Figure 4.1.4. Hexagonal bins will have more neighbors included in the calculations for each feature as opposed to a fishnet grid
To illustrate the differences of different approaches. Like we did in earlier chapters, we can assign each map to an object, and then print them all side-by-side. Let’s start with rectangular binning:
rectangular_bin_map <- ggplot(ma_spatial, aes(x = longitude, y = latitude)) +
  annotation_map_tile() +
  stat_bin2d(binwidth = c(.015, .01), alpha=0.7) +
  scale_fill_gradientn(colours = c("white","red"),
                       name = "Frequency") +
  theme_void()
Now map a map using hexagonal binning:
hexagonal_bin_map <- ggplot(ma_spatial, aes(x = longitude, y = latitude)) +
  annotation_map_tile() +
  stat_binhex(binwidth = c(.015, .01), alpha=0.7) +
  scale_fill_gradientn(colours = c("white","red"),
                       name = "Frequency") +
  theme_void()
And finally for comparison a simple “heatmap” (we will discuss these more thoroughly in Chapter 7):
heatmap <- ggplot(ma_spatial, aes(x = longitude, y = latitude)) +
  annotation_map_tile() + 
  stat_density2d(aes(fill = ..level.., # value corresponding to 
                                       # discretized density estimates 
                     alpha = ..level..), 
                 geom = "polygon") +  # creates the bands of 
                                      # different colours
  ## Configure the colours, transparency and panel
  scale_fill_gradientn(colours = c("white","red"), 
                       name = "Frequency") + 
  scale_alpha(guide = "none") + 
  theme_void()
Now we can print them all side-by-side using the plot_grid() function from the cowplot package to compare.
library(cowplot)

plot_grid(rectangular_bin_map, hexagonal_bin_map, heatmap, nrow =1,
          labels = "AUTO", scale = c(1, 1, .85))
Three different semi-transparent shadings are overlaid onto three street maps of Manchester, with labels A, B, and C. Their legends all have the same label ’Frequency’, and gradient from red to white, but the maximum values differ; over three thousand in A, over four thousand in B, and a little over one thousand in C. In the first one, the shading is broken into single-coloured squares. One square is dark red, with its bottom and right neighbours also noticeably darker than the rest. In the second one, single-coloured hexagons tile the map, with just one being a much darker red than the rest. In the third one, no shape constrains the colours, and there is just a small blotch of red fading to white near the city centre.
Figure 4.1.5. Comparing rectangular (A), hexagonal (B), and heat maps (C)
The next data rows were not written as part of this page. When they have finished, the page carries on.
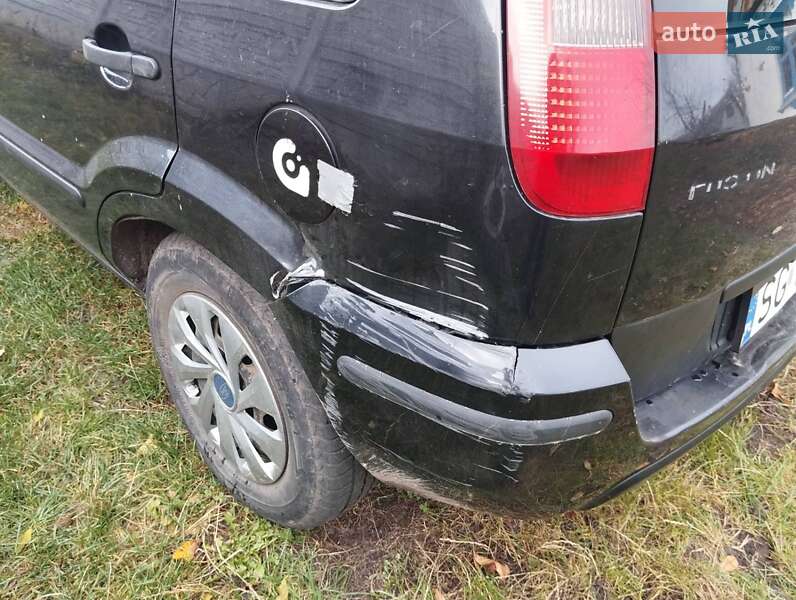 Хетчбек Ford Fusion 2003 в Фастові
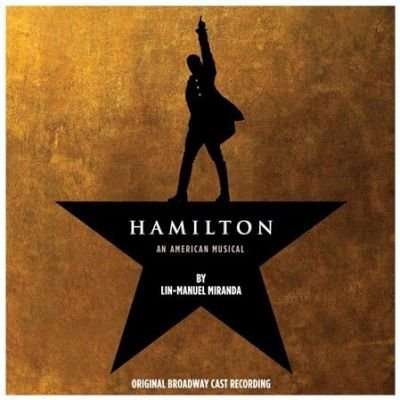 Hamilton (An American Musical) (CD)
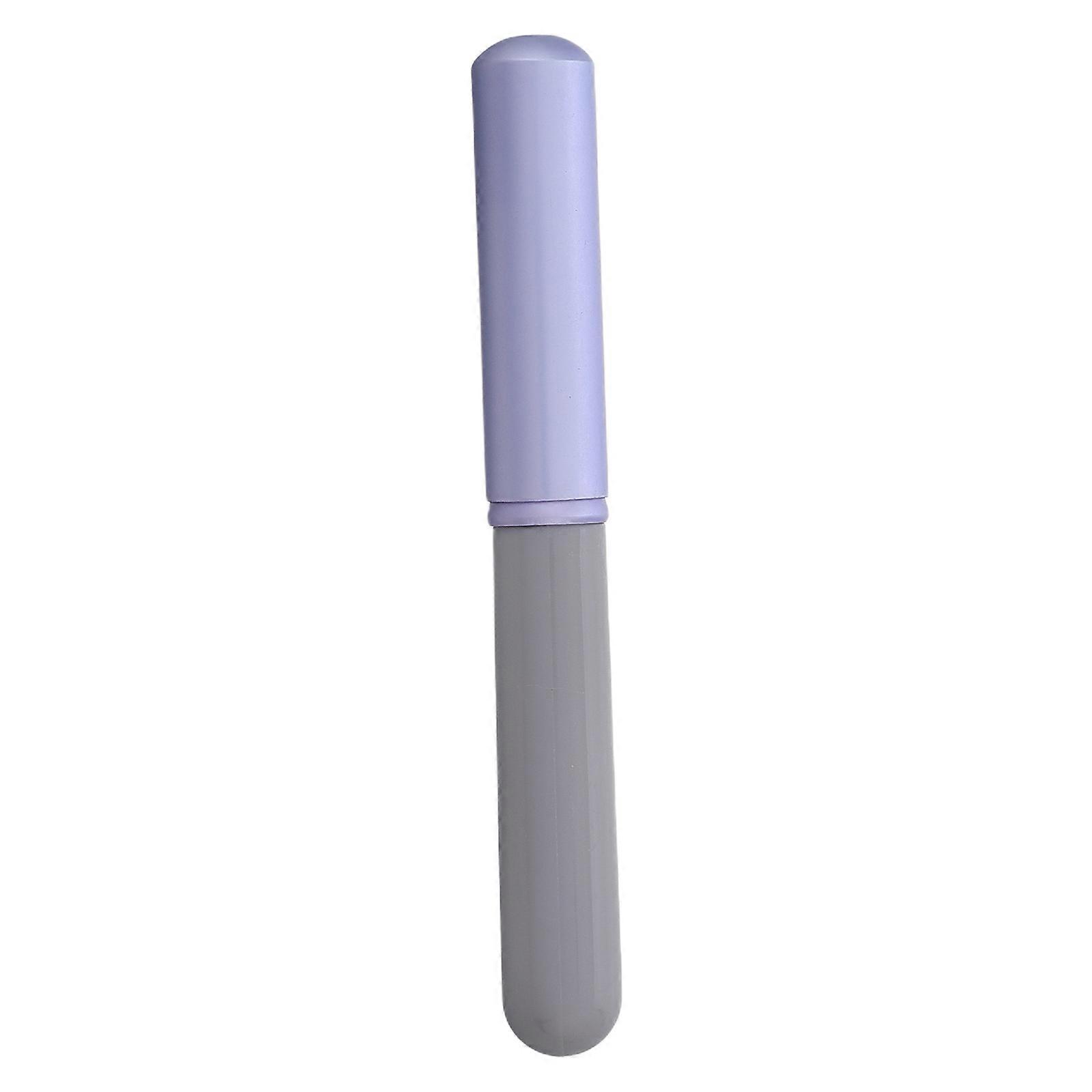Portable Lip Applicator Brush Makeup Tool for Travel Use 3Pcs Pack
Subsection 4.1.4 Benefits of binning

Because of the plethora of data types available and the wide variety of projects being done in GIS, binning is a popular method for mapping complex data and making it meaningful. Binning is a good option for map makers as well as users because it makes data easy to understand and it can be both static and interactive on many different map scales. If every different point were shown on a map, it would have to be a very large scale map to ensure that the data points did not overlap and were easily understood by people using the maps. According to Kenneth Field, an Esri Research Cartographer:
Data binning is a great alternative for mapping large point-based data sets which allows us to tell a better story without interpolation. Binning is a way of converting point-based data into a regular grid of polygons so that each polygon represents the aggregation of points that fall within it ([Field, 2012]).
Binning creates maps that are easier to understand, more accurate and more visually appealing. Hexbin plots can be viewed as an alternative to scatter plots. The hexagon-shaped bins were introduced to plot densely packed sunflower plots. They can be used to plot scatter plots with high-density data.